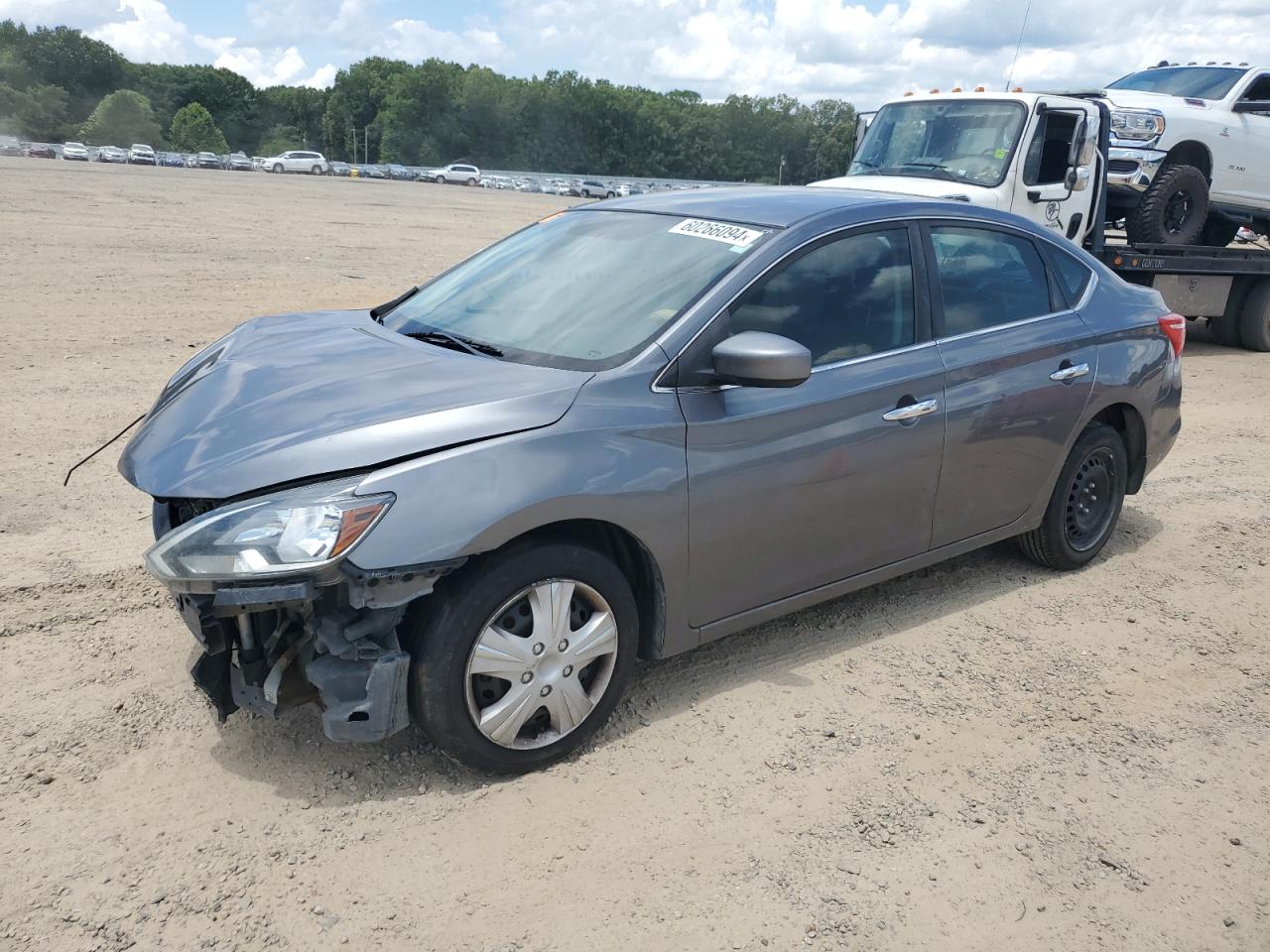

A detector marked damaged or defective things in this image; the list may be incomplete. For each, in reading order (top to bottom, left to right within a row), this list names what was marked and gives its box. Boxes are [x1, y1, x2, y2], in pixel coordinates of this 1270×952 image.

broken headlight assembly [146, 480, 393, 583]
cracked hood [121, 311, 587, 498]
damaged gray sedan [119, 186, 1183, 774]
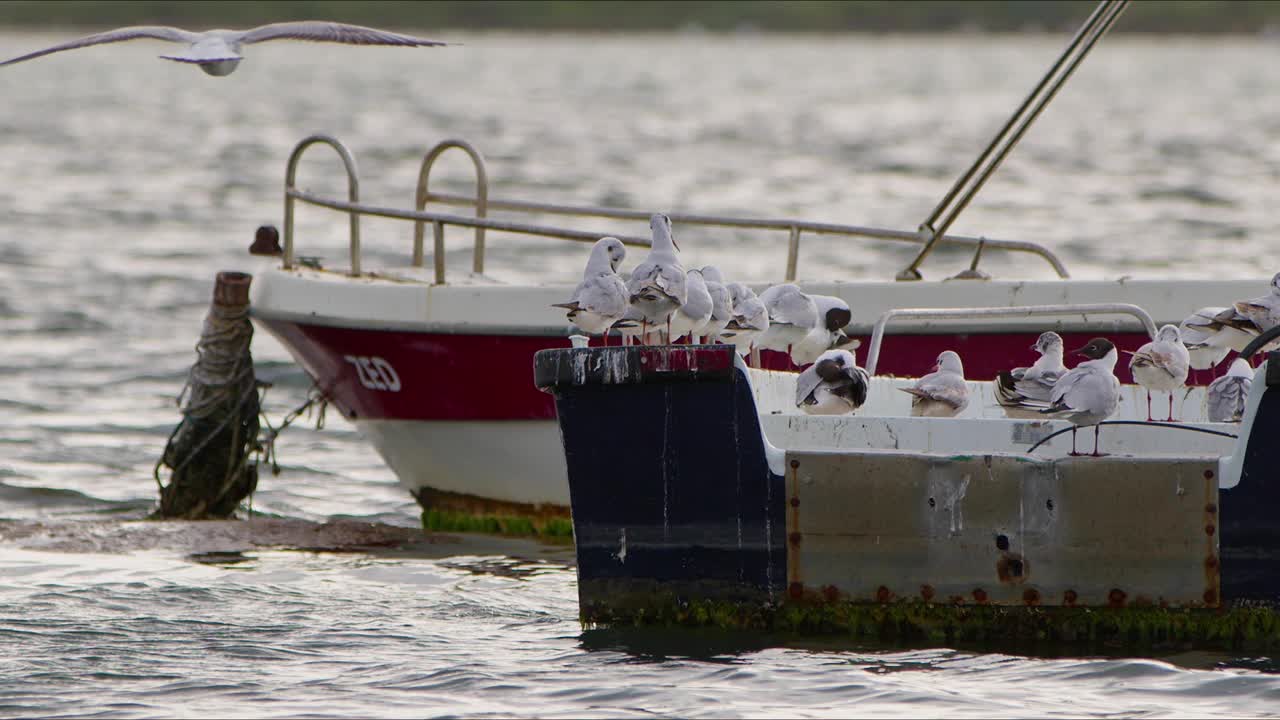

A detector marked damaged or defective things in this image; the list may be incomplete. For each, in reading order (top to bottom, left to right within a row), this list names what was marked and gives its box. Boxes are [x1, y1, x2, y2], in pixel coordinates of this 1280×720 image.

rusty metal hull [536, 344, 1280, 640]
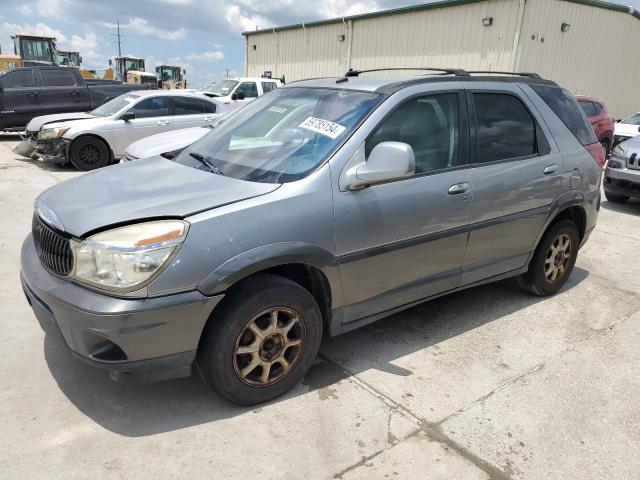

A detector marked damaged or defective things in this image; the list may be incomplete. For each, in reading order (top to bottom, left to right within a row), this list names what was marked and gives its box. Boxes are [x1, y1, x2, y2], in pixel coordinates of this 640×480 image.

damaged front bumper [34, 137, 69, 163]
****************
_Task to complete_:
All lines from the line containing "this 640×480 image." through the last line of the data are to be repeated exactly; no other line belongs in the answer.

_Expected answer_:
A detector marked damaged or defective things in this image; the list may be incomplete. For each, in reading order (top to bottom, left to right within a row), this list names what was marked and gives its box. Boxes are [x1, y1, x2, y2], in pixel coordinates of this 640×480 image.

damaged front bumper [34, 137, 69, 163]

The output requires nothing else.